Ontario Home by Williamson Williamson Is Open in All Senses
For a certain anesthesiologist in Ontario, there was never any doubt. He always knew that he would take care of his mom and dad in their old age. When the time came, they moved into the basement of the bungalow that he shared with a social worker, the man he planned to marry. After an initial adjustment period, they truly became a family.
The stairs to the basement, however, became a problem. So the couple considered building a new home. They found a teardown in Ancaster, near Lake Ontario and the hospital where the anesthesiologist practices. The 1⁄2-acre lot was unusually wide for its neighborhood of stucco McMansions.
A search for an architect led the couple to another couple, Betsy and Shane Williamson of the firm Williamson Williamson. For the exterior, they selected cedar, echoing the cedar trees that grow there, plus slabs of limestone from a local quarry. Between the slabs, the horizontal joints are raked deep, a detail inspired by the brickwork of Frank Lloyd Wright’s Martin House in Buffalo.
“Everything was designed to be accessible,” Shane Williamson notes. The self-sufficient in-law apartment is on the ground level of one wing of the L-shape, 3,800-square-foot structure.
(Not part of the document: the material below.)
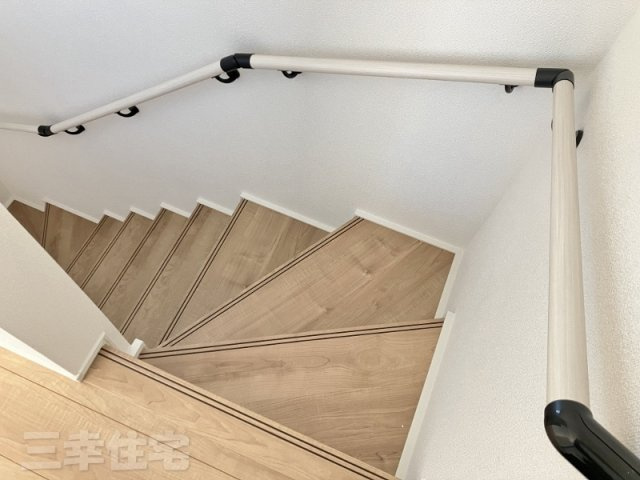 碧南市入船町の設備|安心、安全　手すりのある階段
Perpendicular, the other wing contains the open-plan living, dining, and kitchen zone, shared by all.
Brightening the double-height kitchen, the sloped ceiling soars 20 feet to a large skylight. The tall backsplash in Calacatta marble is washed by LED cove lighting. Glass cabinet doors are back-painted a snowy white.
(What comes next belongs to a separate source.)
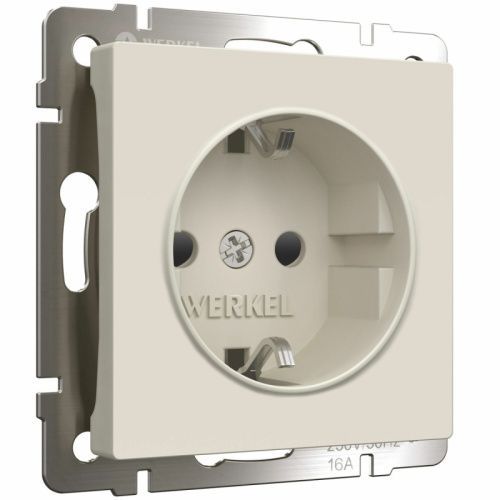 Розетка с заземлением и шторками Werkel 4690389184741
Gray takes over in the upstairs master suite’s spa bathroom. Its striated marble slabs cover both the floor and the walls—the slabs on the walls in graduated heights, with a consistent width, to emphasize the verticality. Meanwhile, Betsy Williamson points out the “softness to the solid-surfacing” of the white sink vanity.
The master bedroom occupies a cantilever. Besides sheltering a terrace outside the living area, this extension positions the bedroom’s windows for a better view of Ancaster Creek, a popular fishing spot.